◆ Data:
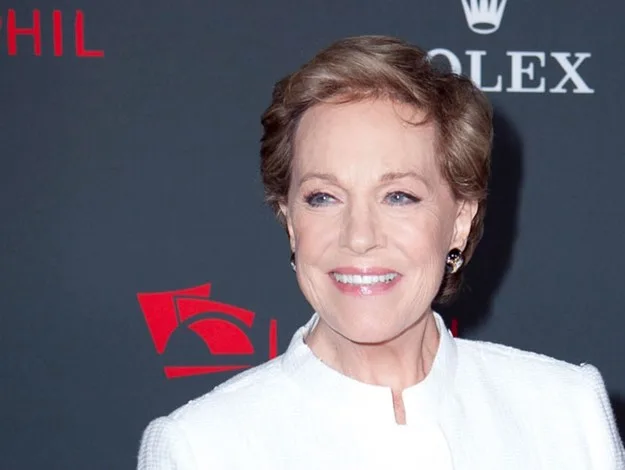 Woman in a white outfit smiling on a red carpet with logos in the background.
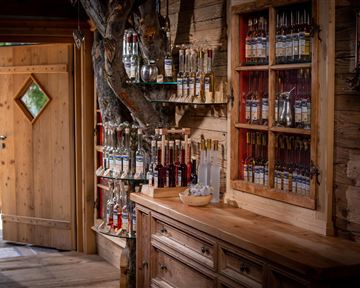 A cozy wooden room with a wooden dresser and shelves full of jars. The door in the background has a green window and invites you outside.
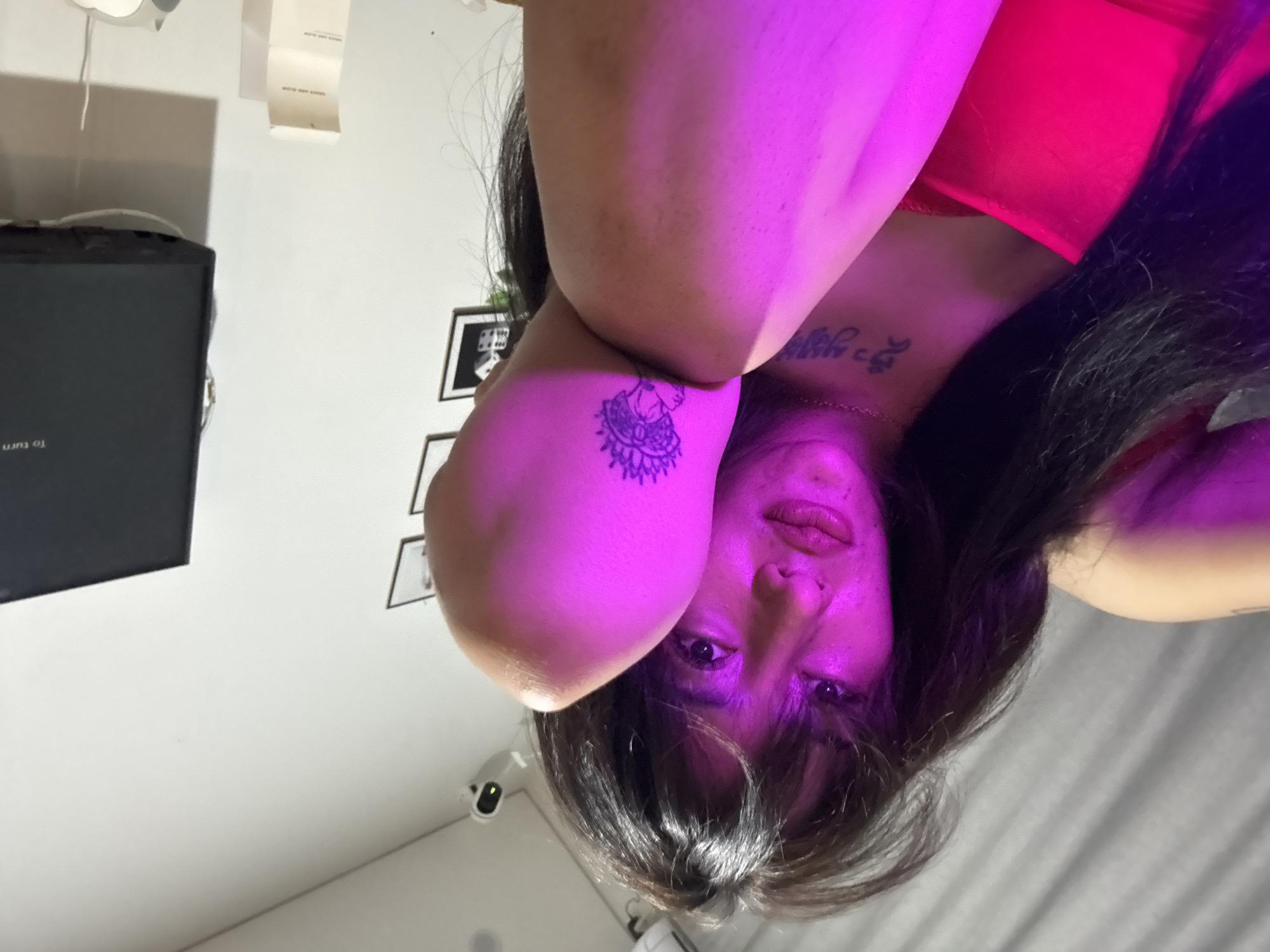 An overhead shot captures a person lying on their back, looking directly up at the camera. The scene is dominated by vibrant pink and purple lighting that illuminates the person's face and a raised arm. The person has dark hair that frames their face and spreads around their head. They wear a red garment, possibly a top or lingerie.
A prominent tattoo, depicting an intricate, stylized figure resembling an Indian deity or a mandala, is visible on their inner right forearm. Another tattoo, featuring text in an unidentifiable script, is visible on their upper chest, partially obscured by the garment. Their expression is direct and composed, with slightly parted lips.
The background reveals an indoor setting. To the person's left, a white wall holds several framed pictures and a black rectangular object, likely a monitor or TV, displaying the partial text "To turn...". A white paper tag hangs from the wall, clearly showing the words "SAUCE AND GLOW". A small white security camera or similar device is mounted on the wall in the lower left portion of the image. To the person's right, a gray fabric surface, possibly bedding, is visible. The distinct artificial lighting suggests an indoor setting, likely in the evening or a controlled environment.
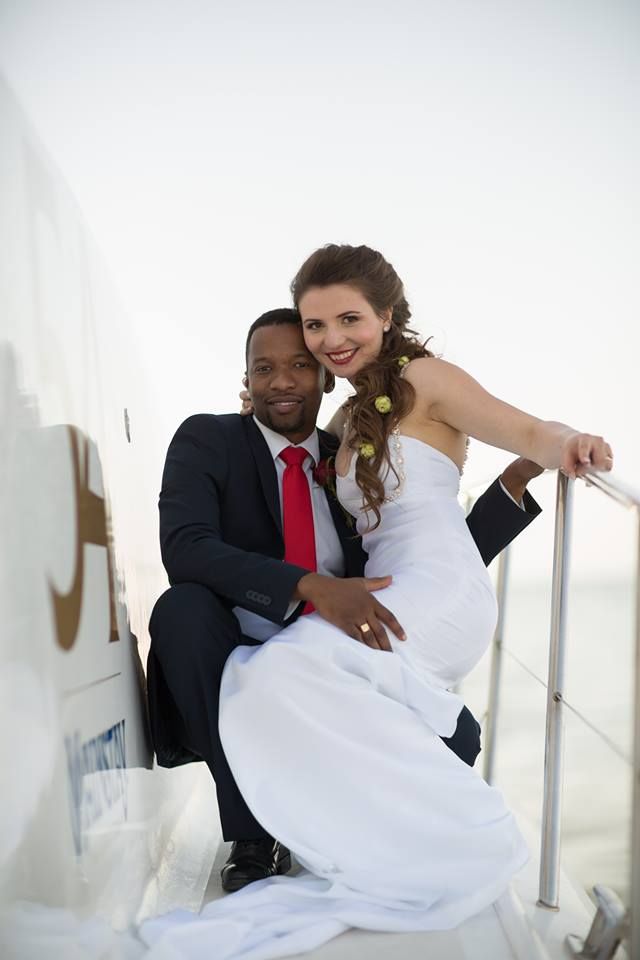 A bride and groom are posing for a picture on a boat.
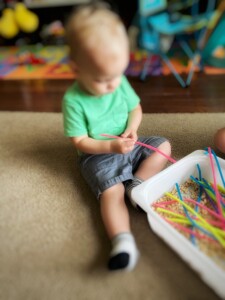 Toddler with sensory bin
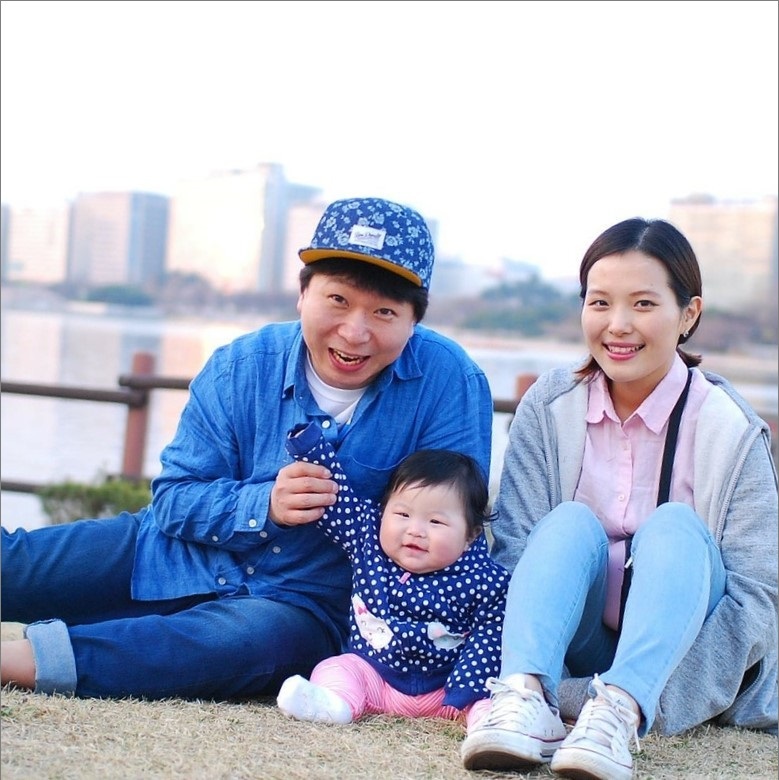A young mother and father sit with their infant in a park. A young mother and father sit with their infant in a park.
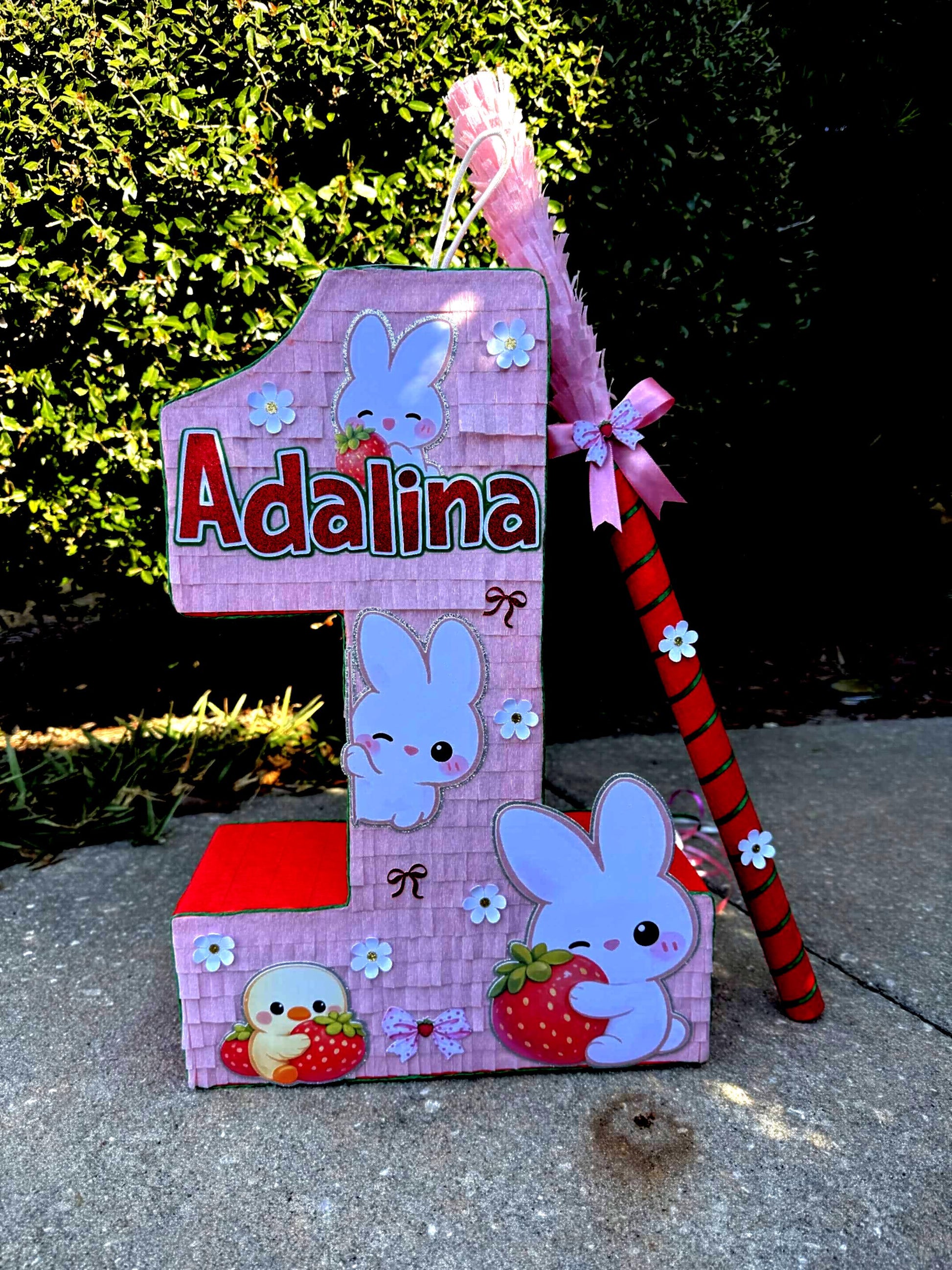 May include: A pink number one piñata with the name "Adalina" in red letters. The piñata is decorated with white cartoon bunnies, strawberries, and small white flowers. A pink and red stick is included.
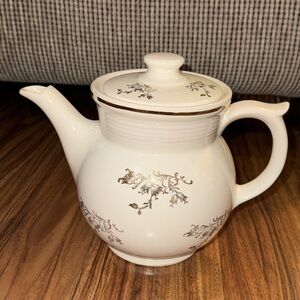 Large white and gold tea pot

◆ What you have to do: An exact copy is required of the lines from the start of the records above through the line with "park. A young", and only those, without any pictures.

◆ Result for this exercise:
 Woman in a white outfit smiling on a red carpet with logos in the background.
 A cozy wooden room with a wooden dresser and shelves full of jars. The door in the background has a green window and invites you outside.
 An overhead shot captures a person lying on their back, looking directly up at the camera. The scene is dominated by vibrant pink and purple lighting that illuminates the person's face and a raised arm. The person has dark hair that frames their face and spreads around their head. They wear a red garment, possibly a top or lingerie.
A prominent tattoo, depicting an intricate, stylized figure resembling an Indian deity or a mandala, is visible on their inner right forearm. Another tattoo, featuring text in an unidentifiable script, is visible on their upper chest, partially obscured by the garment. Their expression is direct and composed, with slightly parted lips.
The background reveals an indoor setting. To the person's left, a white wall holds several framed pictures and a black rectangular object, likely a monitor or TV, displaying the partial text "To turn...". A white paper tag hangs from the wall, clearly showing the words "SAUCE AND GLOW". A small white security camera or similar device is mounted on the wall in the lower left portion of the image. To the person's right, a gray fabric surface, possibly bedding, is visible. The distinct artificial lighting suggests an indoor setting, likely in the evening or a controlled environment.
 A bride and groom are posing for a picture on a boat.
 Toddler with sensory bin
A young mother and father sit with their infant in a park. A young mother and father sit with their infant in a park.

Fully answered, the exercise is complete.